Question

Given a positive integer n, find the number of non-negative integers less than or equal to n, whose binary representations do NOT contain consecutive ones

Analysis

First let's get the binary representation of integer n bin_n [$$d_{L-1}$$,..., $$d_2$$, $$d_1$$, $$d_0$$] as a list with length = L.

Let's define:

ans(l) means the number of non-negative integers less than or equal to number [$$d_{l-1}$$,..., $$d_2$$, $$d_1$$, $$d_0$$] with No Consecutive ones.
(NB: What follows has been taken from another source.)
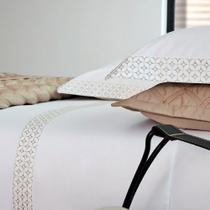 Jogo de Cama King Size Carnegie Bege 300 Fios Algodão Egípcio By The Bed Jogo de Cama King Size Carnegie Bege 300 Fios Algodão Egípcio By The Bed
total(l) means the number of l digits non-negative integers with No Consecutive ones (for example: l = 2, then total(2)=3, since we have 0b00 0b01 0b10)

ans(l)can be calculated by adding two parts:

ans_ends_zero(l) (d_l-1 = 0)and ans_ends_one(l)(d_l-1 = 1)

total(l) can also be calculated be add two parts:

total_ends_zero(l) (d_l-1 = 0) and total_ends_one(l) (d_l-1 = 1)

we have transfer equation:

if d_l-1 = 1:
    ans_ends_zero(l) = total(l-1)
    ans_ends_one(l) = ans_ends_zero(l-1)
else: # d_l-1 = 0
    ans_ends_zero(l) = ans_ends_zero(l-1) + ans_ends_one(l-1)
    ans_ends_one(l) = 0

total_ends_zero(l) = total_ends_zero(l-1) + total_ends_one(l-1)
total_ends_one(l) = total_ends_zero(l-1)

start status:

ans(l) = [ans_ends_zero(l), ans_ends_one(l)]
total(l) = [total_ends_zero(l), total_ends_one(l)]

ans(1) = [1, 1] if d_0 == 1 else [1, 0)
total(1) = [1, 1]

Solution

def find(a):
    ans = [1, 1] if a%2==1 else [1, 0]
    total = [1, 1]
    a /= 2
    while a > 0:
        digit = a%2
        if digit:
            ans[1] = ans[0]
            ans[0] = total[0]+total[1]
        else:
            ans[0] += ans[1]
            ans[1] = 0
        total[0], total[1] = total[0]+total[1], total[0]
        a /=2
    return ans[1]+ans[0]